Electronic billboards in Nanoose Bay and a sign in Black Creek serve as a constant reminder that two Indigenous women are missing.

And that Lisa Marie Young and Angeline Pete are not forgotten.

Pete was 29 when she was last seen boarding the SeaBus in North Vancouver in May 2011.

Young was 21 when she disappeared from Nanaimo in the summer of 2002. In the early morning hours of June 30, she left a house party with a man in a red jaguar and hasn’t been seen since.

Billboards that are spreading awareness about the disappearance of Lisa Marie Young and Angeline Pete. (Lil’ Red Dress Project, Facebook)

The sign and the three billboards are made possible by the efforts of Jeannine Lindsay and Carla Voyageur of the Comox Valley.

Through the Lil’ Red Dress Project, they lead a group of volunteers who make beaded red dress pins and earrings, to fund signage for missing or murdered indigenous women across Vancouver Island.

The three digital billboards plus the sign will be up for four months at a cost of over $7,000. The sign alone costs $4,500.
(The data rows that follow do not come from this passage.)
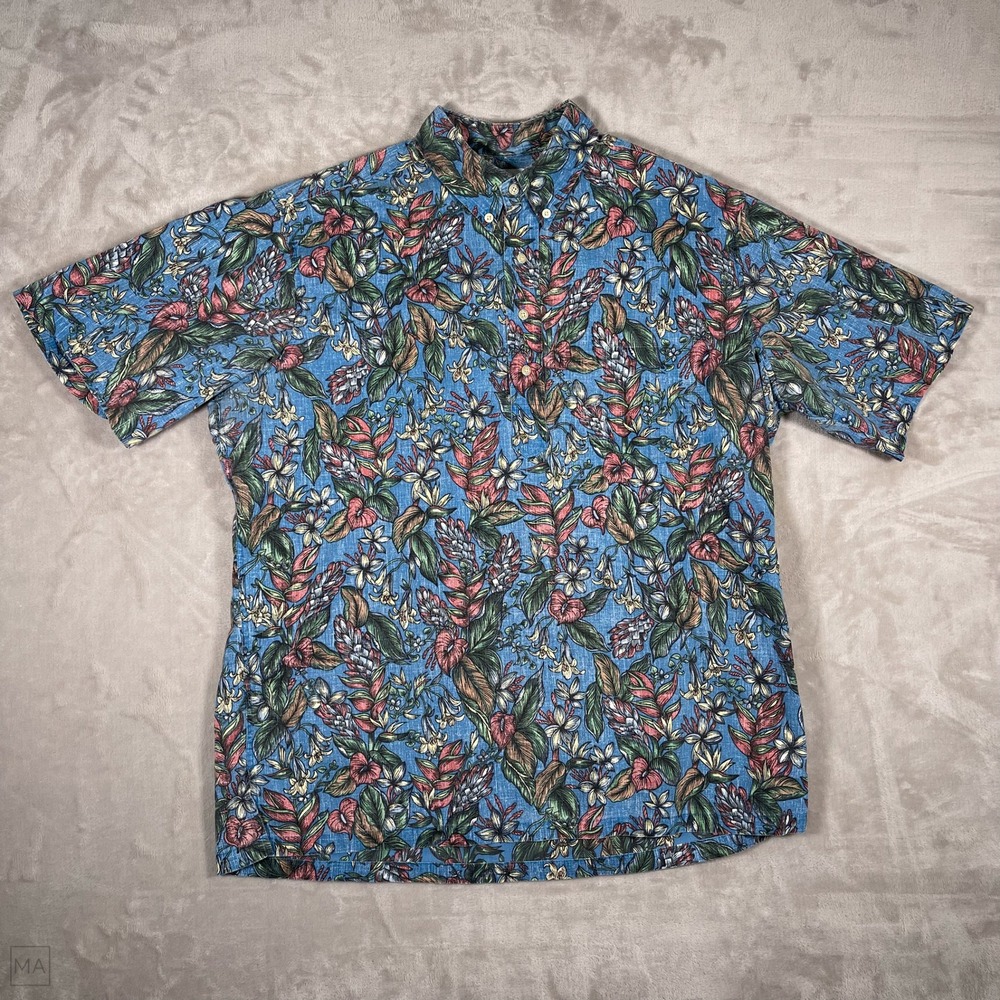 Reyn Spooner Men's Shirt Button Down Pullover Hawaiian Floral XL Blue/Green/Red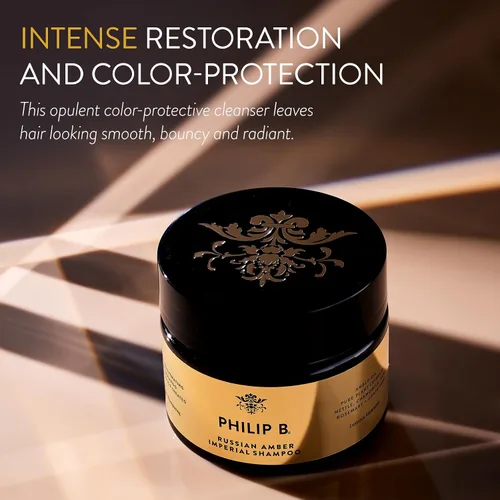 Vista 2 de PHILIP B Russian Amber Imperial Champú, 3 fl. oz. (3.0 fl oz) – Limpiador protector de color que restaura el cabello encrespado sobreprocesado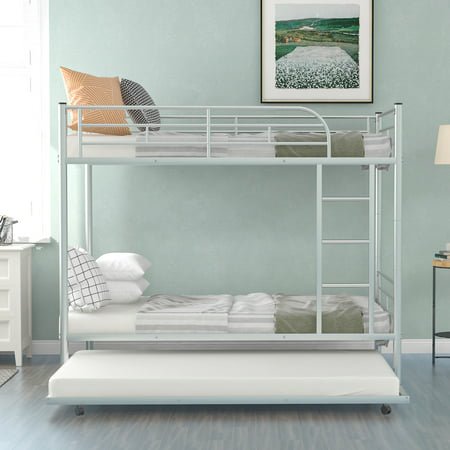 Bunk Beds Twin over Twin with Trundle and Built-in Ladder  Metal Bunk Bed Frame with Safety Guard Ladder for Kids Toddlers Adults  Can Be Divided into Two Beds  No Noise  Sliver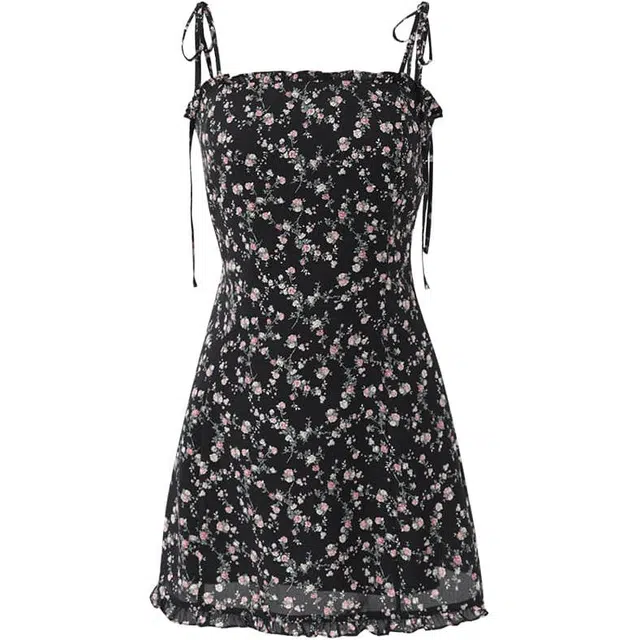 NOT YOUR ROSE SS24 Frill mini dress Black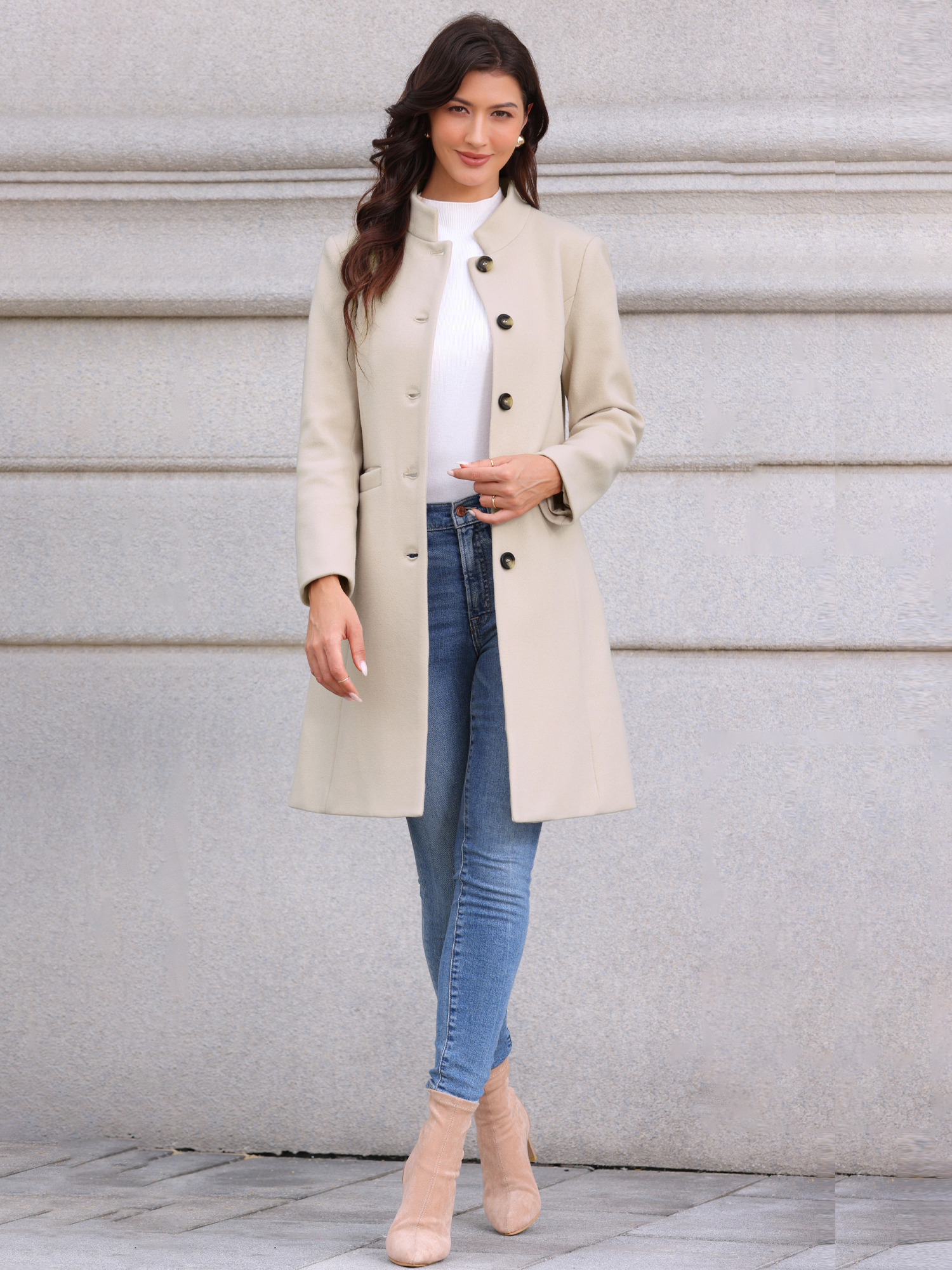 Stand Collar Single Breasted Mid-Long Overcoat Apricot/XS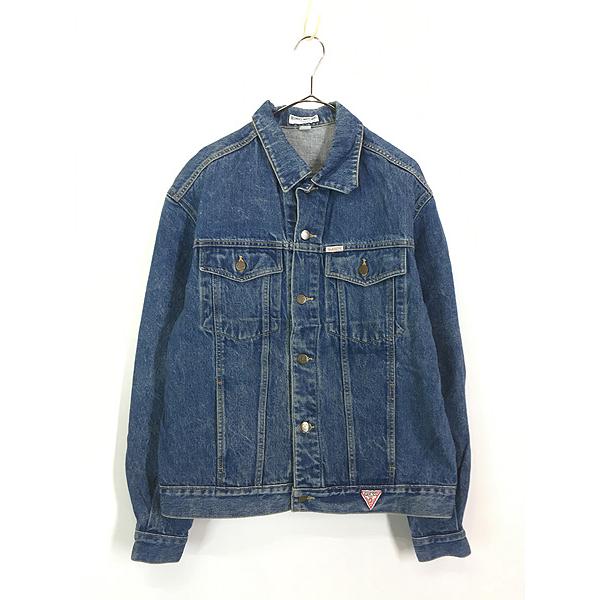 90's   USA製 デニム トラッカージャケット XL 古着 90s USA製 GUESS ブルー デニム トラッカー ジャケット Gジャン
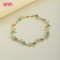 18K Gold Plated Brass Leaf Vine Bracelet | AAA CZ Stone | Colorful Stackable Bangle for Women | Romantic Wedding Jewelry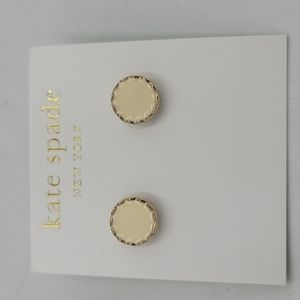 kate spade 14k Gold Filled Cream Enamal Earrings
Three billboards had impact

Lindsay said they drew inspiration from a decades-old missing person case in the Comox Valley.

Lindsay Nicholls vanished on Aug. 2, 1993.

The 14-year-old was last seen walking down Royston Road to meet friends in Courtenay.

Last summer, on the 25th anniversary of her disappearance, her family put up three billboards in the valley, with the hope it would trigger memories and generate tips.

The billboards read ‘Missing 25 years’, ‘Someone Knows Something’ and ‘Call Comox Valley RCMP or Crime Stoppers’.

Lindsay said it seeing the signs last August had a lasting impact on her.

“It was really striking because it was one after another, after another, and it was something that was in the back of our minds,” she said. “We thought, ‘Wow, that’s really impactful,” she said. “We’re part of the Kumugwe Cultural Society here in the Comox Valley and for the last four years, for the first week of October, we’ve helped put up a red dress install in different locations in the valley. And we wanted to do something that would keep this awareness going all year long.”

This sparked the idea of making the beaded red dress pins.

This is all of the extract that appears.